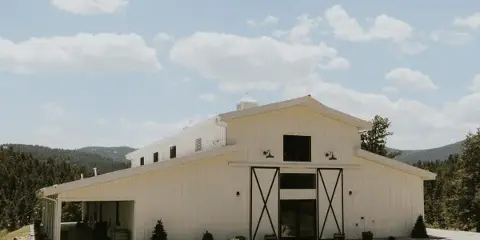 Exterior view of a white barn-style wedding venue building with a covered patio and mountain views.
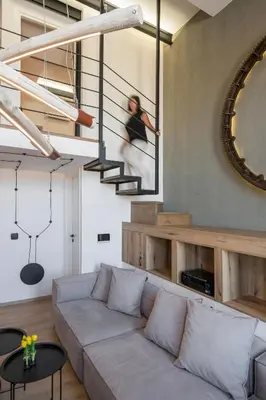 a living room with a couch and a mirror at Skins Concept Boutique Apartment in Chania Town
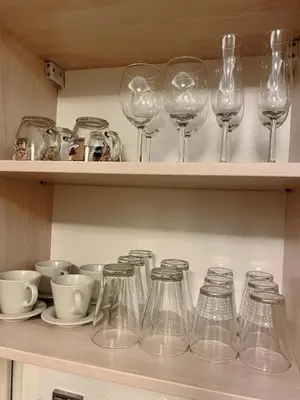 a row of wine glasses and bowls on a shelf at No̱410 City View Apartment & free private parking in Kraków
---*---
Reproduce the material word for word. Skip every picture it holds.

 Exterior view of a white barn-style wedding venue building with a covered patio and mountain views.
 a living room with a couch and a mirror at Skins Concept Boutique Apartment in Chania Town
 a row of wine glasses and bowls on a shelf at No̱410 City View Apartment & free private parking in Kraków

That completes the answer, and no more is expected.